■ Directions for this task
The data below should be transcribed in full, with no picture included.
[Data]
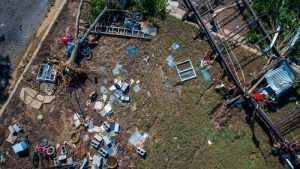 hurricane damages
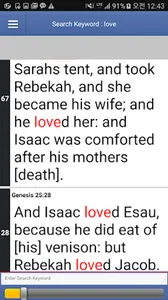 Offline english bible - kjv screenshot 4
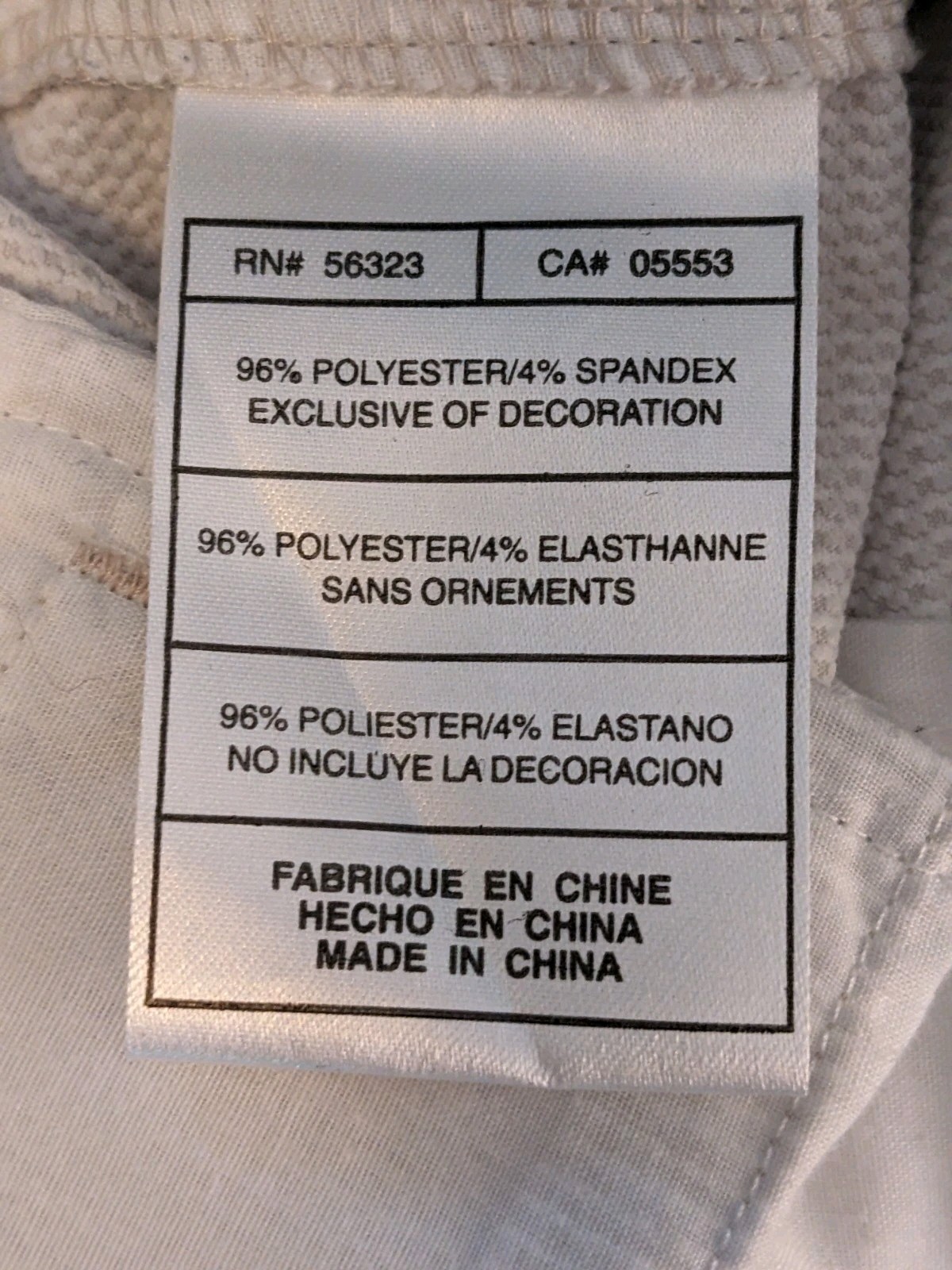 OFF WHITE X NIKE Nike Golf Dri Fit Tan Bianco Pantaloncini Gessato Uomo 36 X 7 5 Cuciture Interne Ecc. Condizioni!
[/Data]
■ Result of this task
 hurricane damages
 Offline english bible - kjv screenshot 4
 OFF WHITE X NIKE Nike Golf Dri Fit Tan Bianco Pantaloncini Gessato Uomo 36 X 7 5 Cuciture Interne Ecc. Condizioni!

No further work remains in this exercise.